Swedenborg avers that in their latest state of excellence, in the Church before the flood, men had an intuitive perception of the correspondences that universally exist in nature, so that their language was the language of nature, that is, of correspondences; and that consequently the rites of the Church became correspondential, and representative of heavenly things; but that in time men became sensual and lost their perception of correspondences, and the rites of the Church lost, in their minds, their representative character.
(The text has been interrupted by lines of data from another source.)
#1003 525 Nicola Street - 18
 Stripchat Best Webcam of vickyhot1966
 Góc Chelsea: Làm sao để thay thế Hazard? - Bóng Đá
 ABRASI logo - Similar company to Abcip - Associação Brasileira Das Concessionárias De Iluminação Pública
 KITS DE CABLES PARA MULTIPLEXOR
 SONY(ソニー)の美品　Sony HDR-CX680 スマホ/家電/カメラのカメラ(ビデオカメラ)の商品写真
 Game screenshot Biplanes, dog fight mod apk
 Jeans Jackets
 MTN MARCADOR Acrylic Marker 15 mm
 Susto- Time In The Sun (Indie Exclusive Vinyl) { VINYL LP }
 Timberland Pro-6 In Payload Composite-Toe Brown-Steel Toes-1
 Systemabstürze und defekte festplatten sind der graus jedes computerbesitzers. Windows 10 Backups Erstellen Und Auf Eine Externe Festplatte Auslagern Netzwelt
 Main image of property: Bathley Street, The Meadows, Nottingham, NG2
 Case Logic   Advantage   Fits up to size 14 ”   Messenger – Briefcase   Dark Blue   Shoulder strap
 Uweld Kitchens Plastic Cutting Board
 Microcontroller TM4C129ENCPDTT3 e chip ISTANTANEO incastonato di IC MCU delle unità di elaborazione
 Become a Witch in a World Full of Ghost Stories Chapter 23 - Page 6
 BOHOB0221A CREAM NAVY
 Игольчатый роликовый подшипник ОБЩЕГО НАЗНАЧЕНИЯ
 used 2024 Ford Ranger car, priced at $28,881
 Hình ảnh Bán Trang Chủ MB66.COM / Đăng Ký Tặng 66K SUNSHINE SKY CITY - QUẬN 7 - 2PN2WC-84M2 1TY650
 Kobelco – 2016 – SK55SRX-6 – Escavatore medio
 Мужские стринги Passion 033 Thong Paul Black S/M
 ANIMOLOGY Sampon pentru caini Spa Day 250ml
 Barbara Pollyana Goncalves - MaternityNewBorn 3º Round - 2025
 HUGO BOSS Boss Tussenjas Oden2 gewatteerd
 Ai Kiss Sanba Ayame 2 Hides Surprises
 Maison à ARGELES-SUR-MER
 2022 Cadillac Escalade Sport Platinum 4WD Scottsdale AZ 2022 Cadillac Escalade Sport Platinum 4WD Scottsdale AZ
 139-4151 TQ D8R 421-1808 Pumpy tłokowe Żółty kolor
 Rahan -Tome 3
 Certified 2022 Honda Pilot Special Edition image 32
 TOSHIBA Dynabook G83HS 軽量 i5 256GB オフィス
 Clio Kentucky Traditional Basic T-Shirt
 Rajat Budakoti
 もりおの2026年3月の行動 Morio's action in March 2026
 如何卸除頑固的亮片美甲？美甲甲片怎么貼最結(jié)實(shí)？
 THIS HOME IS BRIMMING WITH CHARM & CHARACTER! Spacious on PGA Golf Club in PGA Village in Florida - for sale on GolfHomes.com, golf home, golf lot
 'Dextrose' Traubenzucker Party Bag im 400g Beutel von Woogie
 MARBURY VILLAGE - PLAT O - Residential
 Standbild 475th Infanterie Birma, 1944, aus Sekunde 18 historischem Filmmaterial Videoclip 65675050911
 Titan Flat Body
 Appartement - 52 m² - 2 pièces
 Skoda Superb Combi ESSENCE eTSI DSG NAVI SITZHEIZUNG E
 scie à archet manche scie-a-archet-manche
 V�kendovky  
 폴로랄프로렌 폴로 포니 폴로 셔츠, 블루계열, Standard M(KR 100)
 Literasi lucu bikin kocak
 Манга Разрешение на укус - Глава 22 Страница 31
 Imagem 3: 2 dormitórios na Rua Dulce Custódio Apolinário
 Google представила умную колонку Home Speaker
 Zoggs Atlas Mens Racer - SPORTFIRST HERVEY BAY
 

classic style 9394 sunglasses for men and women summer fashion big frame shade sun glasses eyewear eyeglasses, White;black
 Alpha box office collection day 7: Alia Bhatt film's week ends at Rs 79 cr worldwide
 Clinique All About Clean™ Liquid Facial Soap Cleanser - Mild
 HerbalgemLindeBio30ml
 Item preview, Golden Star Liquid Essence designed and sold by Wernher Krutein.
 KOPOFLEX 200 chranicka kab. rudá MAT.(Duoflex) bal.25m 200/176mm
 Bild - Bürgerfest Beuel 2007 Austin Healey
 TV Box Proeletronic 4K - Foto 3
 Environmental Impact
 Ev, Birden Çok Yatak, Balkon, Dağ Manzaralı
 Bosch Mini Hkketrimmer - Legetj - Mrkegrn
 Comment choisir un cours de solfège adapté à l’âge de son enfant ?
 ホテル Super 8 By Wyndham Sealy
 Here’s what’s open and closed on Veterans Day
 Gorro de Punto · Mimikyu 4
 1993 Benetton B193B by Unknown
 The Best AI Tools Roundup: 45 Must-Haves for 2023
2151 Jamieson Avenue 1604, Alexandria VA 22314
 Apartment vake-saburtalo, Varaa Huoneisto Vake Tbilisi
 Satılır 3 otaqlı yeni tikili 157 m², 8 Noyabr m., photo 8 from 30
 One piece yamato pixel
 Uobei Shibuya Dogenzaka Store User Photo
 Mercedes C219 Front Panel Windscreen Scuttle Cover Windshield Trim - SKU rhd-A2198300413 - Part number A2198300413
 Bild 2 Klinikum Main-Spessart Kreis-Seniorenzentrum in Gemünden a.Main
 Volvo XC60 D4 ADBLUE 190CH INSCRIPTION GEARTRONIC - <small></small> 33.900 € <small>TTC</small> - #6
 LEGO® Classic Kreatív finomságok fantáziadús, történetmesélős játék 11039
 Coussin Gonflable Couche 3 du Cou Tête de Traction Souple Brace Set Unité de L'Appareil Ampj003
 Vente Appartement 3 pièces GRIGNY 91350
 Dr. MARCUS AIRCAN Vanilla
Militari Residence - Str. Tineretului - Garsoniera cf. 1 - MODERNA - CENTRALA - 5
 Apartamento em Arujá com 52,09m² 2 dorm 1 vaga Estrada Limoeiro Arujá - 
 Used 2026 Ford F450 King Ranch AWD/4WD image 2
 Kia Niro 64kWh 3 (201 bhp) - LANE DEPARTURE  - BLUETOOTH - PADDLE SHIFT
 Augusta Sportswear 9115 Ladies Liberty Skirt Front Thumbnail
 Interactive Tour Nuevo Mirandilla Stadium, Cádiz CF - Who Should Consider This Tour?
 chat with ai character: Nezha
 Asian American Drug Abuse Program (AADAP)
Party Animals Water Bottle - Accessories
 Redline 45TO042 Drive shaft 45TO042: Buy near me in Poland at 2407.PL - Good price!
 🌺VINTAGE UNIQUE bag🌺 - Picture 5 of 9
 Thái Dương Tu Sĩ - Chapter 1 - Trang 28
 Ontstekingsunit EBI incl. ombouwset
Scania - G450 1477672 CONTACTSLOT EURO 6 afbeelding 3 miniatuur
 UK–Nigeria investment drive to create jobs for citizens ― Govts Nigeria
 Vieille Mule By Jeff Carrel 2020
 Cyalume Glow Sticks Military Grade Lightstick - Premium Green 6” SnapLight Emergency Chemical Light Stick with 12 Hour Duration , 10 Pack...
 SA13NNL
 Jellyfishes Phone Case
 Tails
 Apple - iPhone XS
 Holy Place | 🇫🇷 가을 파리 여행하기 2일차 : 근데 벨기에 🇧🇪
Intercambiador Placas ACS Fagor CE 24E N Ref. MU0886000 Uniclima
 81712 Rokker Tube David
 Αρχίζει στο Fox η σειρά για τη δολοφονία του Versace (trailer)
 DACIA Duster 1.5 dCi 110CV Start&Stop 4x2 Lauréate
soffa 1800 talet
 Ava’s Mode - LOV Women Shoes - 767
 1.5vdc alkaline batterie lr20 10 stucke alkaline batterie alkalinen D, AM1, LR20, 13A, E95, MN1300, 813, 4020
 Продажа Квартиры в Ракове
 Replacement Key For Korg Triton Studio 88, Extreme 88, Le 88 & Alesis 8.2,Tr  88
In observing the rites irrespective of the spiritual things they represented, they at length became idolatrous.

That there was a more ancient revelation than ours, as Swedenborg affirms, is proved by abundant allusions to them in our Bible: for example The Book of the Wars of Jehovah is cited in Numbers 21:14; the Book of Jasher is cited in Joshua 10:13 and II Samuel 1-18; The Proverbial Enunciations are cited in Numbers 21:27-30. Besides there were the Sayings of the Seers, II Chronicles 33:19, The Prophecy of Aijah, cited in II Chronicles 9:29, and The Book of Nathan, cited I Chronicles 29:29.

All these records were written in the language of correspondence or symbolically, and if they had survived would not be intelligible except to those to whom the language of correspondence had been disclosed, and so far only as it had been disclosed. The scraps of them which we find in the Bible are remnants only of sacred books far older than any script now extant, and which contained the wisdom suited to a people far more simple, unselfish and intuitively wise than any of whom history has preserved any record. To recover this lost knowledge of correspondences, Swedenborg claims that a new revelation from the Lord was necessary; that, for reasons which he assigns, he was selected as the medium through which that revelation was to be made, - at the time, and at the earliest time, when the world was prepared to receive and profit by it; just as the apostles, Moses and the prophets were severally and at different periods of human history selected for their respective offices. Swedenborg's own testimony upon this subject, already cited, is very remarkable. Nor did he shrink from reasserting his Divine commission on all suitable occasions.

He says in the True Christian Religion, No, 779: "I testify in truth that the Lord manifested Himself to me His servant, and sent me to this office; and that afterwards He opened the sight of my spirit and so intromitted me into the spiritual world, and has granted me to see the heavens and the hells, and also to converse with angels and spirits, and this now continually for many years; likewise that from the first day of that calling I have not received anything whatever relating to the doctrines of that Church from any angel, but from the Lord alone while I was reading the Word."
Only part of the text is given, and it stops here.